Further analyses were conducted to explore the sources of the discrepancies between the screener results and true intakes. It is unlikely that certain miscellaneous uses of fruit and vegetables (eg, potato chips and condiments) would be considered by respondents when reporting on either screener. These miscellaneous uses contributed <2% to the total fruit and vegetables reported on the 24-h recalls. The dried beans group is not clearly specified in either screener, but it too accounted for little (2%) of the total consumption of fruit and vegetables reported on the 24-h recalls. Respondents may not have fully considered the use of fruit and vegetables in mixtures, such as soups, casseroles, and pasta dishes, when answering the screener questions; these uses accounted for >13% of total fruit and vegetables reported on the 24-h recalls. In addition, intake of other vegetables was underreported on the standard screener relative to the number of servings of these vegetables reported on the 24-h recalls. These findings indicate opportunities to refine the wording of questions on screeners to be developed in the future.

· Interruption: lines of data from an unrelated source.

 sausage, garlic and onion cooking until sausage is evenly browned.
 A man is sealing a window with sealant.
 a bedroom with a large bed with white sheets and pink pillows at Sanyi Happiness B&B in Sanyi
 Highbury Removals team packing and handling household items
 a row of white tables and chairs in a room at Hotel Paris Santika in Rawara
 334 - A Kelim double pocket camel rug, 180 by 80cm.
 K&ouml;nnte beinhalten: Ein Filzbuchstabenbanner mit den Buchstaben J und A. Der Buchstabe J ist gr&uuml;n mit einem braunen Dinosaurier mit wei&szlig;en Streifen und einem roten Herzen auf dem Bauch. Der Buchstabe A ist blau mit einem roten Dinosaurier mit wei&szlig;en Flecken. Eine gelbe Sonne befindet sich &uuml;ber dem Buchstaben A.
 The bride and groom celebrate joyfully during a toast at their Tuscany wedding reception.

The FFQ used in this study performed better than did both screeners in estimating median intakes. Its better performance is most likely a result of 2 factors: the number of questions asked (frequency and portion size of 65 individual foods that contributed to the total FFQ estimate of fruit and vegetable intake) and the database used to quantify all responses into recommended servings of fruit and vegetables.
For epidemiologic studies examining the relation between fruit and vegetable intake and some outcome measure, both screeners and the complete FFQ are similar in performance, on the basis of these analyses in this particular study. Relative risk estimates made on the basis of either screener or the FFQ would be attenuated. For example, for men, a true relative risk of 4.0 would be observed as 2.2 when data from the standard screener were used, 2.1 when data from the new screener were used, and 1.9 when data from a complete FFQ were used. For women, a true relative risk of 4.0 would be observed as 2.1 when using data from the standard screener, 1.8 when using data from the new screener, and 1.61.7 when using data from a complete FFQ.

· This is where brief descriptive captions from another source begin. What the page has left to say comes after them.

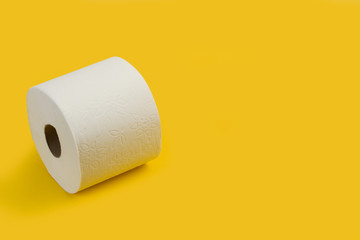 Rollo de papel higiénico sobre fondo amarillo liso brillante. Vista superior. Copy space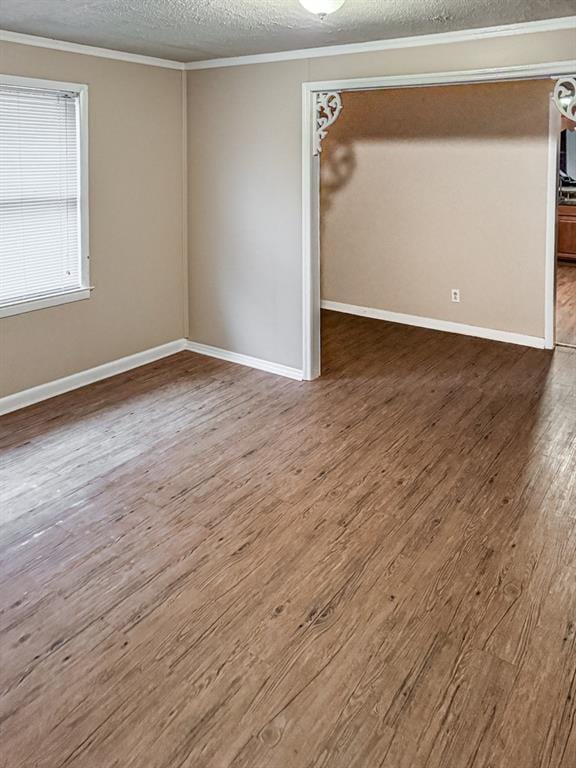 empty room featuring wood-type flooring, a textured ceiling, and crown molding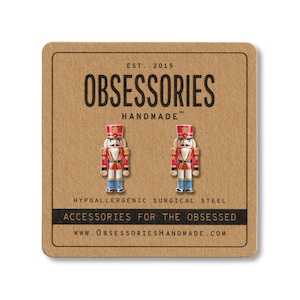 May include: A pair of nutcracker stud earrings made of surgical steel, displayed on a square brown cardboard card. The card features the text OBSESSORIES HANDMADE, EST. 2015, HYPOALLERGENIC SURGICAL STEEL, ACCESSORIES FOR THE OBSESSED, and the website URL.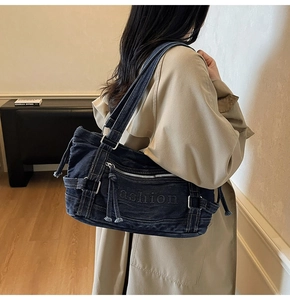 Detail of blue denim tote bag with Fashion embossing shown on model's shoulder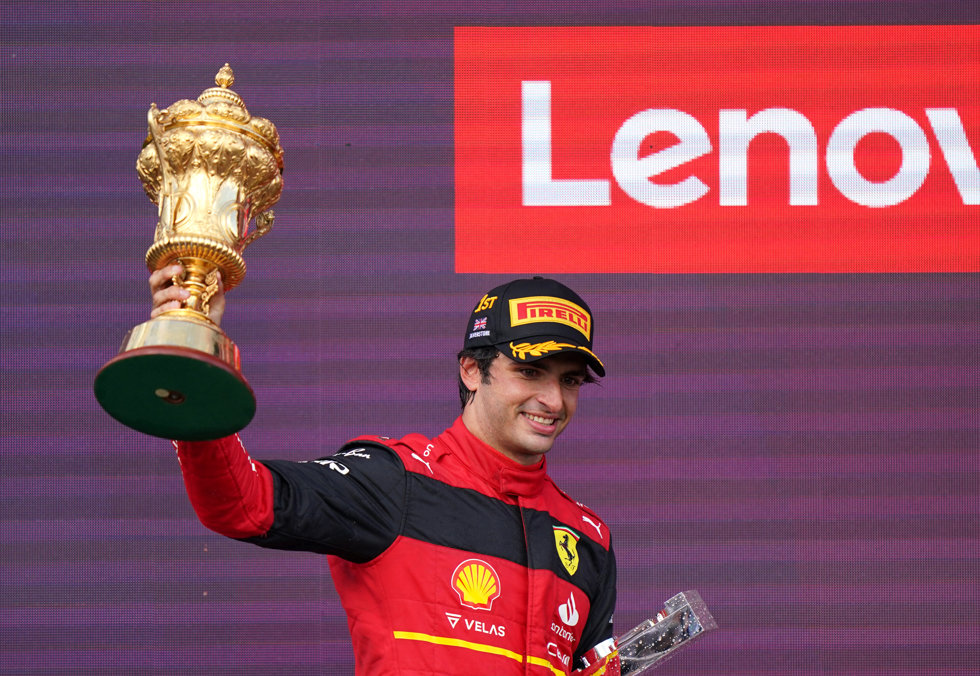 03 July 2022, United Kingdom, Towcester: Spanish F1 driver Carlos Sainz Jr. of team Ferrari the trophy after winning the British Grand Prix 2022 at Silverstone Circuit. Photo: Tim Goode/PA Wire/dpa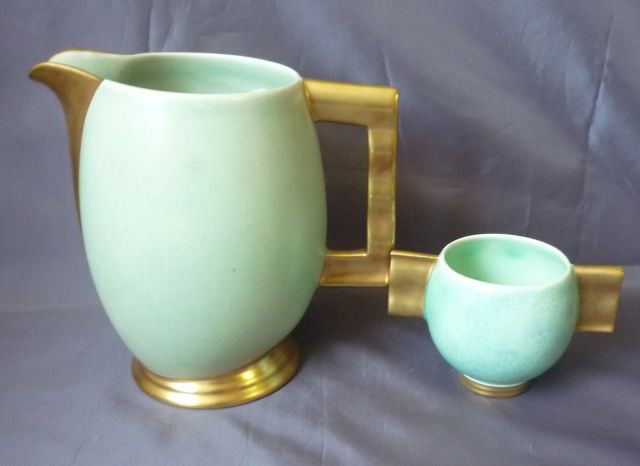 Carlton Ware Jug,: with a gilt spout and handle on a mottled green goung, together with a simlar decorated Carlton Ware squat vase, (2)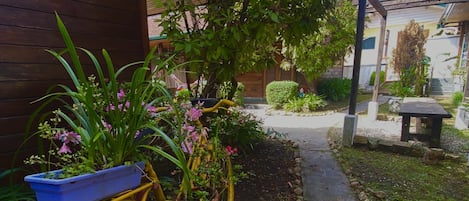 A yellow bicycle with a blue basket and potted plants parked in a garden area.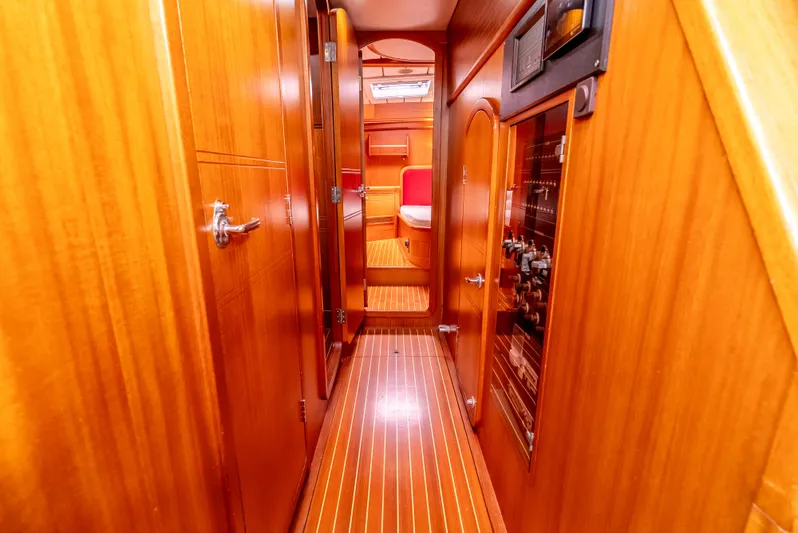 Luka Yacht Photos Pics Interior of 1997 Farr 60 Pilot House yacht with wooden paneling and cozy cabin.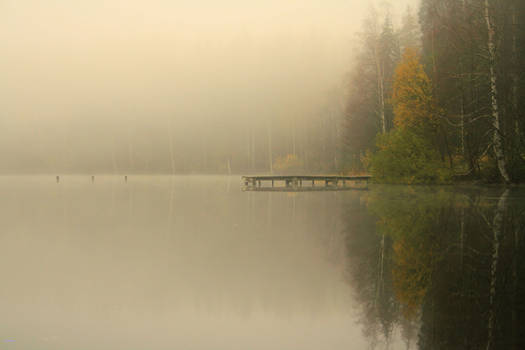 Lonely pier on the foggy lake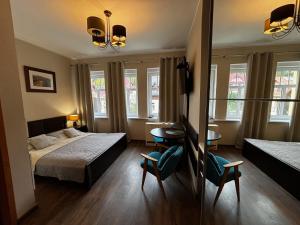 une chambre avec deux lits et une table et des chaises dans l'établissement Apartamenty Classico na deptaku, à Karpacz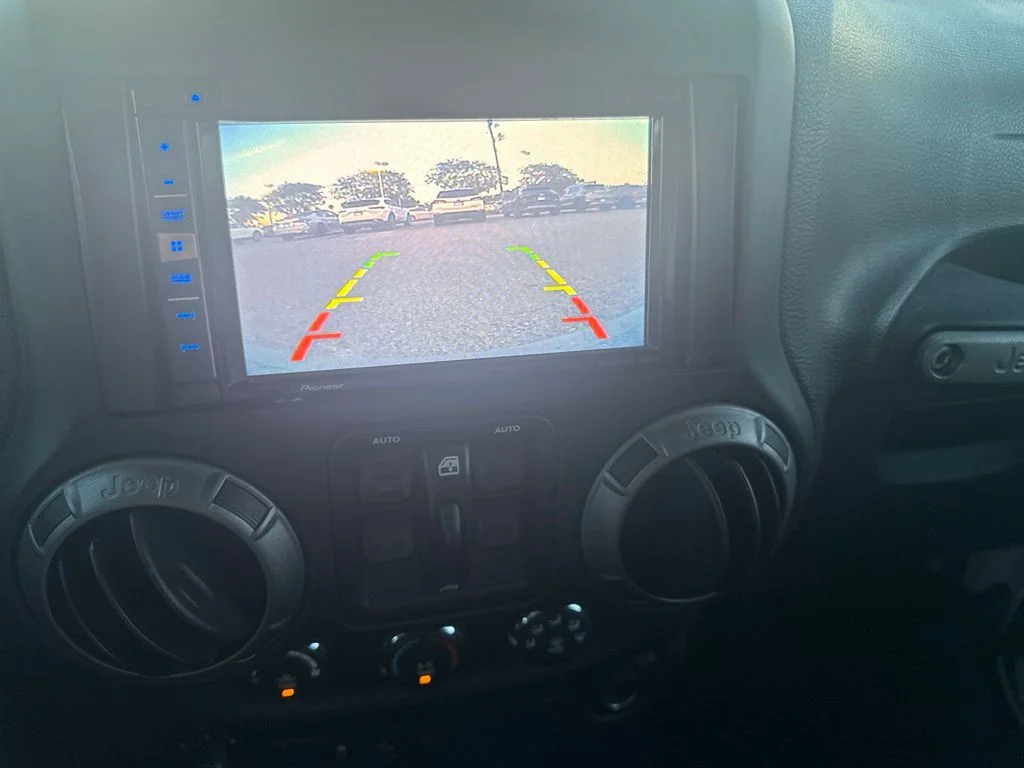 Used 2018 White Jeep Unlimited Sport image 19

We conclude that for surveillance purposes of estimating median intakes of fruit and vegetables, both screeners substantially underestimated true intakes and thus the prevalence of meeting recommended intakes. If screeners are to be used for these purposes, appropriate adjustment procedures need to be developed and tested. For examination of relative risk estimates between total fruit and vegetable intake and some disease, both screeners performed nearly as well as a much longer FFQ in this sample. However, if individual components of usual fruit and vegetable intake are to be examined, a complete FFQ that provides more specific intake information would be needed.

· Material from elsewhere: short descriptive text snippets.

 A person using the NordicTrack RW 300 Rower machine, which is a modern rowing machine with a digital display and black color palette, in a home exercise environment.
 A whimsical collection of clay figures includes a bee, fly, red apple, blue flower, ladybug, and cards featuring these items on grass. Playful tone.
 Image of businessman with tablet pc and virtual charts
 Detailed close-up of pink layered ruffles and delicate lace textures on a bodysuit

More cognitive research is needed to understand how individuals conceptualize their intake of fruit and vegetables and how questions can be worded so that they correspond to these concepts. New approaches or, alternatively, more precise questions and refined language to make existing tools easier to complete, are needed. The resultant instruments should be tested in different populations, using accepted criterion data, and in comparison with another screener instrument.